2002 - 2 janvier: Lors d'une audience devant le tribunal fédéral d'Alexandria (Virginie, est), Moussaoui refuse de plaider. La juge décide que cela signifie qu'il plaide non coupable.
- 28 mars: L'Attorney general (ministre de la Justice) américain John Ashcroft annonce son intention de requérir la peine de mort.
- 22 avril: Lors d'une nouvelle audience, Moussaoui annonce prendre en charge sa défense, récusant ses avocats commis d'office.
- 13 juin: La juge en charge du dossier, Leonie Brinkema, autorise Moussaoui à être son propre avocat.
- 25 juin: Moussaoui refuse une nouvelle fois de plaider. La juge décide, évoquant son intérêt, que cela signifie qu'il plaide non coupable.
- 18 juillet: Moussaoui décide de plaider coupable mais se voit contraint à une semaine de réflexion.
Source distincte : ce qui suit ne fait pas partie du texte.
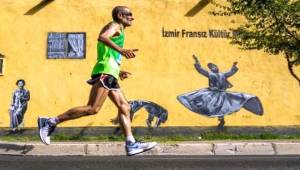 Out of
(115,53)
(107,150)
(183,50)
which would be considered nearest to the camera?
(115,53)

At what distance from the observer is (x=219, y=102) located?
44.5 feet

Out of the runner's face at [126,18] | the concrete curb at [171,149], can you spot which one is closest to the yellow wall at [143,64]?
the concrete curb at [171,149]

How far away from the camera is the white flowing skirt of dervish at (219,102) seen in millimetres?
13453

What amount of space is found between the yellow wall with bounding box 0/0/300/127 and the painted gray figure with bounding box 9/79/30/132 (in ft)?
0.42

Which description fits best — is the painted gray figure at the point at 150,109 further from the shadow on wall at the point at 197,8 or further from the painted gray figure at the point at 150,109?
the shadow on wall at the point at 197,8

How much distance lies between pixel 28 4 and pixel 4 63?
5.36ft

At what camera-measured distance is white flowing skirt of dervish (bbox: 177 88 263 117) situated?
13.5 metres

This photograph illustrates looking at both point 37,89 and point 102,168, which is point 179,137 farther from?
point 102,168

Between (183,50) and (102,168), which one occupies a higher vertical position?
(183,50)

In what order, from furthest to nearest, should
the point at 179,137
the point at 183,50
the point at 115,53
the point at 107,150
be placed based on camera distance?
1. the point at 183,50
2. the point at 179,137
3. the point at 107,150
4. the point at 115,53

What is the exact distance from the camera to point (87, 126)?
42.8ft

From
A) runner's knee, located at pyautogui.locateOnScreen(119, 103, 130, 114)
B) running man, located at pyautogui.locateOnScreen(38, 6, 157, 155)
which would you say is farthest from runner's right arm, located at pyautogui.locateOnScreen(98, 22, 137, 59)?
runner's knee, located at pyautogui.locateOnScreen(119, 103, 130, 114)

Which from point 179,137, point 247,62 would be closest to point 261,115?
point 247,62

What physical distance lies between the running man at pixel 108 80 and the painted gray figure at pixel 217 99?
27.1 ft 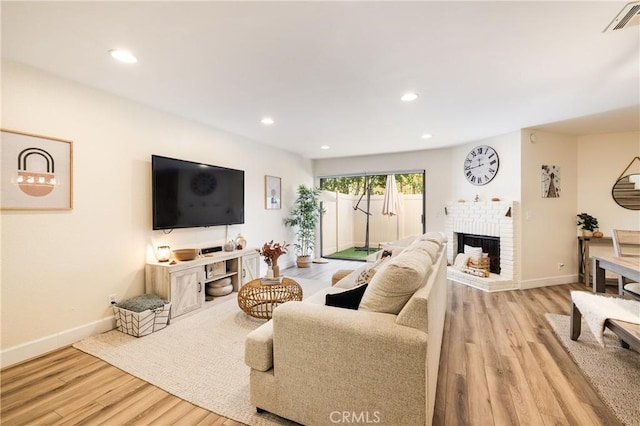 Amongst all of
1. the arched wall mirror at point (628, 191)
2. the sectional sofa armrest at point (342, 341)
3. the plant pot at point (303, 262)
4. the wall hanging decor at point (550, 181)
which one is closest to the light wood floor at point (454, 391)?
the sectional sofa armrest at point (342, 341)

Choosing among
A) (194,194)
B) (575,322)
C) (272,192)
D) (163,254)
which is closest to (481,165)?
(575,322)

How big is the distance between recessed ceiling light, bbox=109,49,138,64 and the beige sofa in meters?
2.18

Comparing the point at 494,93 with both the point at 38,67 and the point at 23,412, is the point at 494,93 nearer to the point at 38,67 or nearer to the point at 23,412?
the point at 38,67

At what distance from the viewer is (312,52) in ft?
6.75

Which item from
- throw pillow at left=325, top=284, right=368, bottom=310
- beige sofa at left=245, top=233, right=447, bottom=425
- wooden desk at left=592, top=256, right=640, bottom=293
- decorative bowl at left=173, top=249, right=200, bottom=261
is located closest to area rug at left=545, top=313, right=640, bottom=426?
wooden desk at left=592, top=256, right=640, bottom=293

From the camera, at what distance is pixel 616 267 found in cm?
260

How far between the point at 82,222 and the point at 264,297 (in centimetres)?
186

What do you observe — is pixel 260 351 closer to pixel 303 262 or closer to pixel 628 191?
pixel 303 262

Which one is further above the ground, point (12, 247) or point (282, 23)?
point (282, 23)

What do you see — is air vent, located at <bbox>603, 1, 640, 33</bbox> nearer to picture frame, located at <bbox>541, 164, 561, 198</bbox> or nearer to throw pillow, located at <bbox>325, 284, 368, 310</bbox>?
throw pillow, located at <bbox>325, 284, 368, 310</bbox>

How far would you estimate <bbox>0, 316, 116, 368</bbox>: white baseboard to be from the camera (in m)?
2.18

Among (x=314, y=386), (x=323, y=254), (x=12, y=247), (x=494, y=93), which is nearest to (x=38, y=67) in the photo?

Il reconnaît être membre d'Al-Qaëda.
- 25 juillet: Revirement, Moussaoui plaide finalement non coupable "au nom d'Allah pour sauver et défendre ma vie en tant que musulman".
2003 - 12 février: La juge reporte le procès sine die, en attendant de trancher la question du témoignage à la barre de membres d'Al-Qaëda pour la défense de Moussaoui, auquel le gouvernement américain s'oppose.
- 2 octobre: La juge interdit aux procureurs de demander la peine de mort contre Moussaoui, en raison de ce refus du gouvernement.
- 14 novembre: Moussaoui n'a plus le droit de se défendre tout seul.
2004 - 23 avril: Un tribunal donne gain de cause au gouvernement, qui refuse le témoignage direct de trois témoins détenus au secret par les autorités américaines.
- 13 septembre: Une cour d'appel confirme cette décision.
- 11 décembre: Les avocats de Moussaoui saisissent la Cour Suprême.
2005 - 21 mars: La Cour Suprême refuse d'examiner cette requête.
- 22 mars: Le gouvernement demande à la juge Brinkema de fixer la date du procès au 31 octobre.
- 22 avril: Nouveau coup de théâtre, Moussaoui plaide coupable de complicité dans les attentats de 2001 tout en démentant son implication puisque, selon lui, il préparait une attaque séparée contre la Maison Blanche.
Le gouvernement rappelle qu'il souhaite l'application de la peine de mort.